The “99 Percenters” include those of us who earn less than $1 million. The activists are working towards more jobs creation and fairness among the class systems. Their frustration lays in the fact that 1 percent of the population makes 20 percent of the income in our country. The next top 20 percent make 60 percent of the income. That leaves 20 percent of American income to those of us who make up the remaining 79 percent of the population.
Friday afternoon, a group of almost 40 people gathered with picket signs on Main and 6th Street, where the highway splits into the two one-way streets. Signs reading “Where Are The Jobs,” “Less War, More Jobs,” “Protect Schools Not Millionaires,” as well as many others promoted a sense of solidarity and spurred many drivers passing by the group to honk their horns in support of the movement.
Local Alamosa resident Beth Kinney says that she is picketing because she “supports Occupy and that it’s time for the government to stop coddling the millionaires.” She went on to say, “The top 400 richest people have more assets than the bottom 160 million. It’s crazy, it’s just insane.”
Adams State College students Darya Virden and Tegan Oehmen agreed that they felt the need to gather as a group for their own future job security. As college students, they are concerned about the job market they will be entering upon graduation.
The organizer of Friday’s event, Gail Vonderweidt, San Luis Valley Regional Organizer for Renew the American Dream, says that at the age of 68, “I couldn’t sit down anymore. I had to do something to renew the American Dream!”
Vonderweidt and her husband James Bird moved to Alamosa about a year ago. Once a part of the upper middle class, Vonderweidt says she and her husband are not experiencing retirement as they had thought it would be.
Unable to sell their Colorado Springs home and living off social security benefits, Vonderweidt says, “We all have to assume responsibility for sitting back [after President Obama took office]. The American public stopped paying attention.”
Vonderweidt and Bird joined Robin Crites, Democratic Chair in Rio Grande County, at a house meeting for the movement “Rebuild the American Dream.” In this house and many others across the nation, concerned citizens began work on a “Contract for the American Dream.”
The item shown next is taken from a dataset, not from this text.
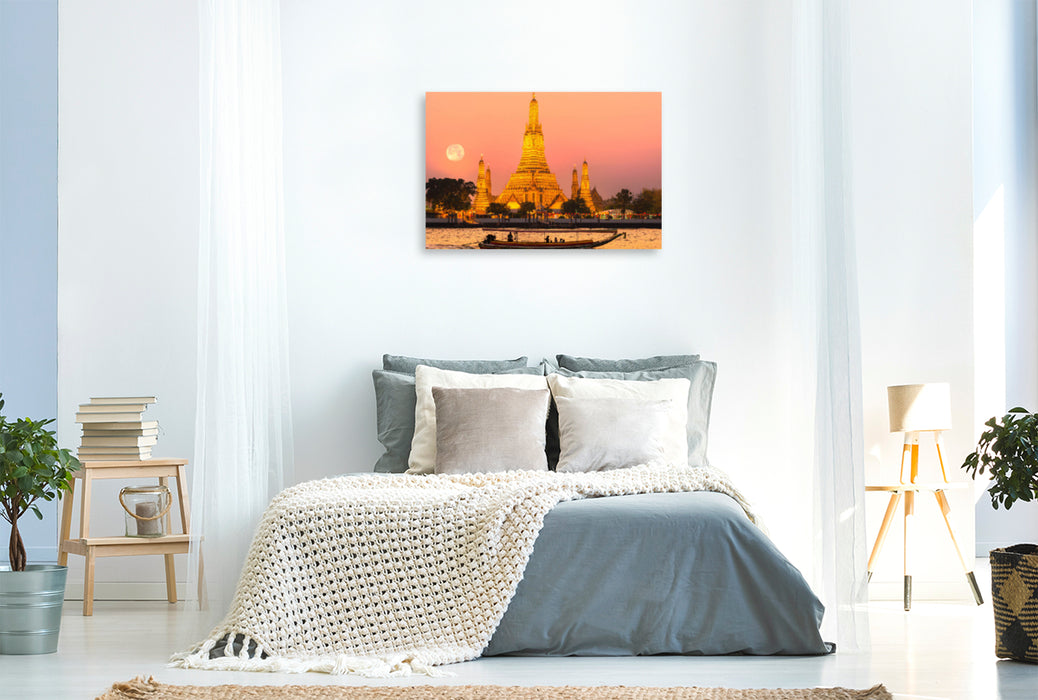 Premium Textil-Leinwand Premium Textil-Leinwand 120 cm x 80 cm quer Thailand: Wat Arun in Bangkok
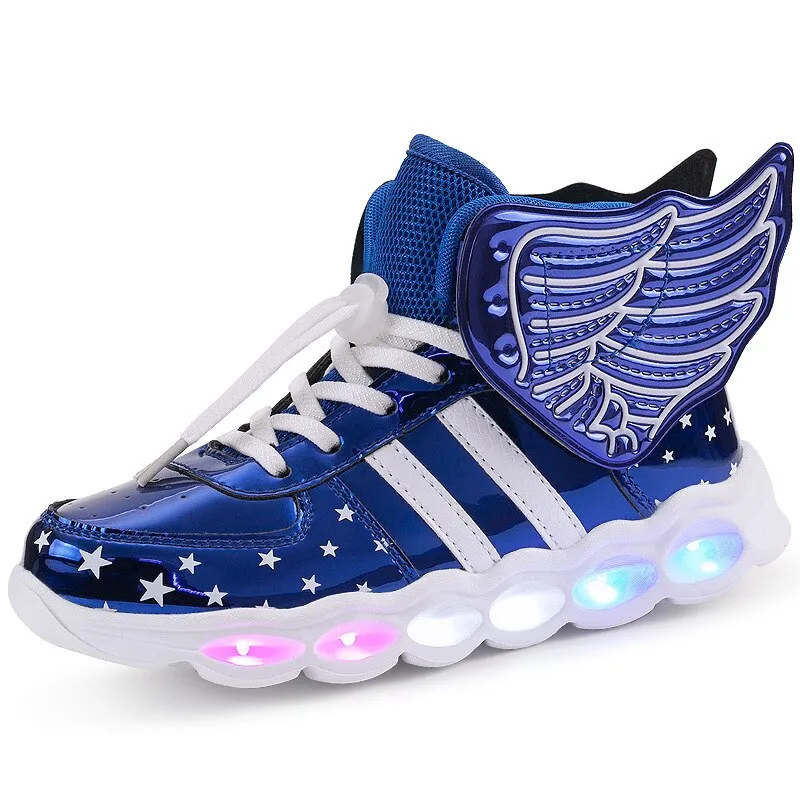 Children USB Charge Wear-resistant Glowing Sneakers Girl Led Light Up Shoes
Approximately 130 thousand Americans joined forces online and in their communities to write and rate almost 26 thousand ideas of how to restore the American Dream. Together, ordinary people like Vonderweidt, Bird, and Crites identified the 10 most important steps to renew the Dream and get the economy back on track (Contract for the American Dream). To view the contract, visit the website http://contractrebuildthedream.com.
Another event, a march from Cole Park to Adams State College, took place on Saturday morning. A group of men, women, students, and children walked with picket signs in hand to the ASC campus where the group heard testimonies from several of the activists.
Safiya Balekian, mother of the event’s organizer Bernita Balekian, brought greetings from her recent experience on Wall Street. Balekian is very active in the Occupy Wall Street movement and believes “I know we can create a better world…it’s about regular people just standing up!”
Balekian says that when people ask her why she is here [protesting] she replies, “Why aren’t you here?”
Glenda Maes, volunteer at KRZA F.M., called the young people in the group to action. “We need you young people to get involved…use your voice! Call your friends, your neighbors, bring your families.” She went on to say, “We are here to support you as your elders who have been down this same road.”
With 950 cities around the world marching for many of the same reasons, the activists are feeling confident in their efforts. Vonderweidt finds it exciting that the movement’s slogan “Rebuild the American Dream” is now coming out of the mouths of men and women of the United States Congress.
Confidence and hope were evident at both of the peaceful gatherings, creating a belief that change will come. Vonderweidt says, “I ended the war in Vietnam. I, along with thousands of others. It wasn’t one group’s efforts, but a collaboration.”